On October 4, 2019, prominent scientists gathered at the New York Academy of Sciences to grant the 2019 Dr. Paul Janssen Award to Hartl and Horwich for their groundbreaking insights into chaperone-mediated protein folding. The symposium included award lectures from the honorees, as well as presentations on several aspects of protein folding, from basic biology to the implications for human disease.

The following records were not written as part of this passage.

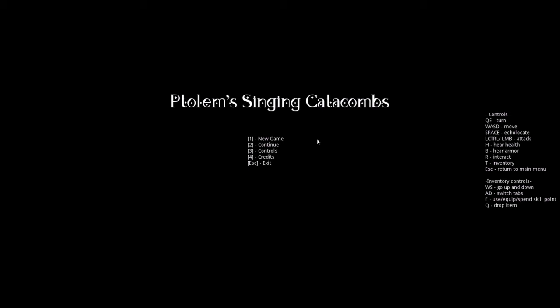Hello everyone, I hope you're all having a fantastic day. In today's video we are playing, if you couldn't read already, Tone Singing Catacombs.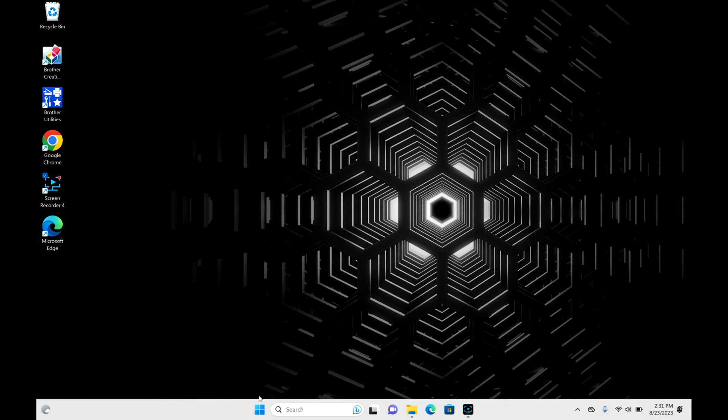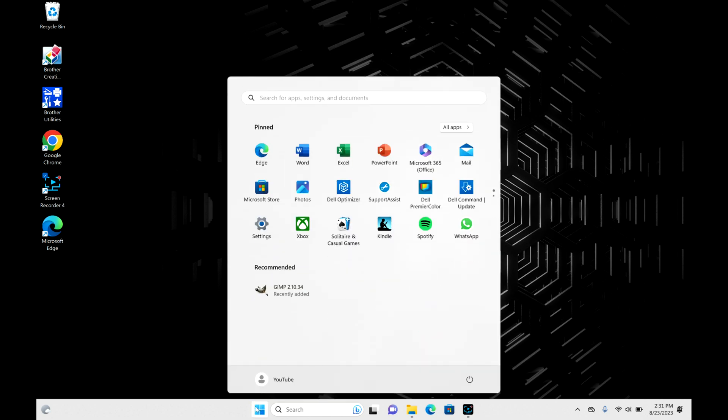First thing we're going to do is take that mouse and move over down to those four squares down here in the corner where it says Start. Go ahead and click on that button. This menu will open up, and then you're going to navigate over to that power symbol.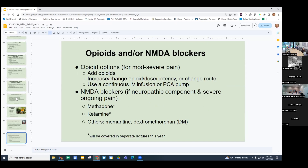If someone isn't on opioids, you could add opioids. If they're already on opioids, you could increase the dose, change the frequency, change the opioid, or change the route of administration — for instance, topical to oral. In severe instances, use a continuous IV infusion or PCA pump. If you suspect a neuropathic component or severe ongoing pain, consider NMDA blockers. There are separate lectures this year on methadone and ketamine. Other NMDA blockers include memantine and dextromethorphan — DXM is over-the-counter, so someone could try it if needed.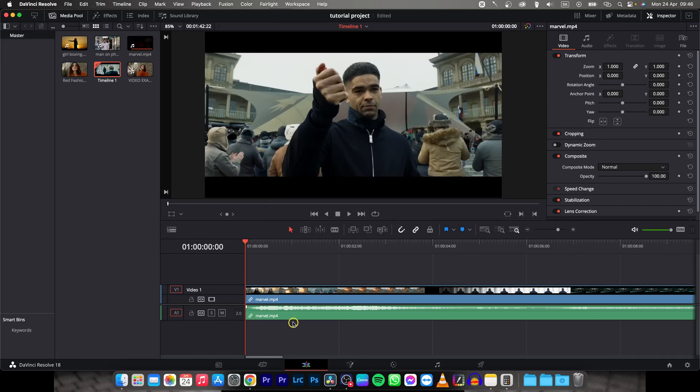Hey guys, my name is Elijah and in today's tutorial I will show you how to change audio volume in DaVinci Resolve.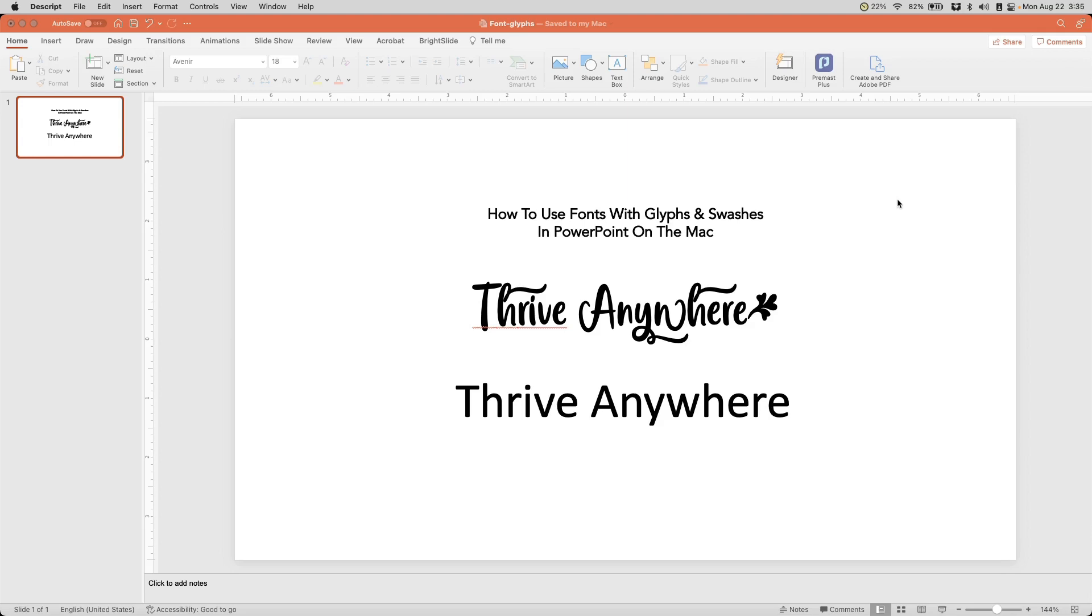Today, I'm going to show you how to use fonts with glyphs and swashes in PowerPoint on the Mac. Now, if you are a PC user, we will have a separate video for that because the process is similar but different at the same time.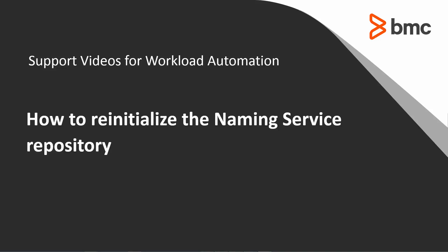Welcome to the support videos for Workload Automation. This video will demonstrate how to reinitialize the naming service repository on the Control-M Enterprise Manager.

Max Planck Institute of Biochemistry
Yale School of Medicine and Howard Hughes Medical Institute
Janssen Pharmaceutical Companies of Johnson & Johnson
University of California, Berkeley and Howard Hughes Medical Institute
University of Massachusetts Amherst
“Protein folding is the final step in the information transfer from gene to functional protein, and as such is of fundamental biological importance,” began Franz-Ulrich Hartl. In the 1950s, biochemist Christian Anfinsen showed that denatured proteins could refold spontaneously in vitro, thus revealing that all of the information required for a protein to attain its final structure is contained in its amino acid sequence. The study was somewhat misleading, however, as it only used small proteins — under 100 amino acids long — and it started with a completely synthesized amino acid chain. This hardly recapitulates the conditions under which proteins must fold in the cell, where many proteins are large, have multiple domains, fold as they are being synthesized on the ribosome, and are in the very crowded cytoplasm.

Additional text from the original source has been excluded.